12/08/03 19:49:56.58 7qZwmKmK0
具体的な記憶は残っていませんが、そうであったようにも思いますし、私の両親は学校の成績に関して
あまり何も言わないほうで、それよりも皆勤であるとか健康に留意するとか、そっち方面に熱心だったので
よい点数のテストをお兄さんに見せて得意になることが一番の快感になっていた気がします。
けれども、その日は何の前触れもなく突然にやってきました。
これは無防備で無警戒な私が鈍感過ぎたのかもしれませんが・・・。
チップのケージは、金属ラックの下段にすっぽりと収まっていて、その日私はチップをケージから出さずに、
そばへ寄ってくるところを柵の隙間から指を入れて首筋やなんかを撫でさすっていました。
プレーリードッグとは食べ物目当てでなくとも人に懐いてくるフレンドリーな小動物なんです。

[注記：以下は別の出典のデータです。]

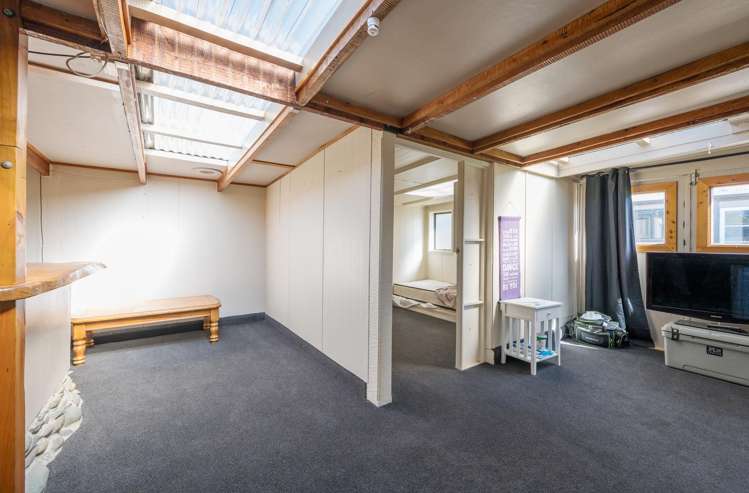 1 Bird Lane Wakefield_20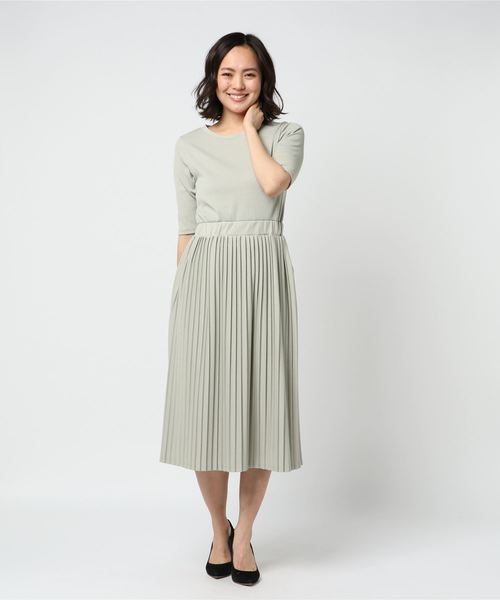 Cheek（チーク）の「リブプリーツワンピース（ワンピース・レディース・ベージュ/イエロー/ブルー/ネイビー・MEDIUM）」の12枚目の写真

ランドセルに力がかかる感覚があって、あ、お兄さんがランドセルをおろさせようとしてくれてるんだと
私はすぐに察し、両肩から力を抜きました。
ランドセルの肩ベルトはスルスルと私の腕を抜け、別の場所へ運び去られたようでしたが、私はまだ目を
向けずチップを撫で続けていました。
少しして私の肩越しからお兄さんの手が伸びて、ケージの扉を開けようとしました。
チップもすぐに反応して、少し下がって低い体勢から私たちを見つめていました。
私はチップをじっと見ています。